38. The nucleic acid construct according to claim 36, wherein the CAR binds specifically to HER2 and comprises the nucleic acid sequences selected from SEQ ID NO: 22, 23, 29, 30, and 49, 50, 51.
39. A vector comprising the nucleic acid construct according to any one of claims 32 to 38.
40. A cell comprising the construct according to any one of claims 32 to 38 or the vector according to claim 39.
41. The cell according to claim 40, wherein the cells is a T cell.
42. A method of treating cancer in a subject in need thereof comprising co-administering to the subject a therapeutic combination of (i) engineered immune cells and (ii) an active OGP peptide comprising the amino acid sequence YGFGG set forth in SEQ ID NO: 1, optionally consisting of from 5 to 120 amino acids, wherein the immune cells are engineered to express a chimeric antigen receptor (CAR) that binds specifically to a tumor associated antigen.

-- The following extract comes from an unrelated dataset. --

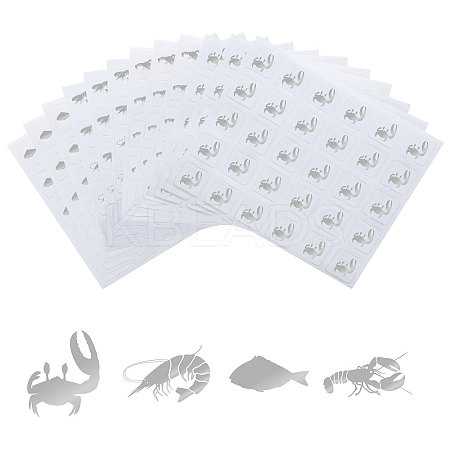 40 Sheets 4 Patterns PVC Waterproof Self-Adhesive Sticker Sets STIC-OC0001-11C-1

43. A method of treating cancer in a subj ect in need thereof comprising administering to the subject a therapeutically effective amount of immune cells engineered to express (i) a chimeric antigen receptor (CAR) that binds specifically to a tumor associated antigen, and (ii) an active OGP peptide comprising the amino acid sequence YGFGG set forth in SEQ ID NO: 1 and consisting of from 5 to 120 amino acids.
44. A method of treating cancer in a subject in need thereof comprising administering to the subject a therapeutically effective amount an active OGP peptide comprising the amino acid sequence YGFGG set forth in SEQ ID NO: 1 and consisting of from 5 to 120 amino acids.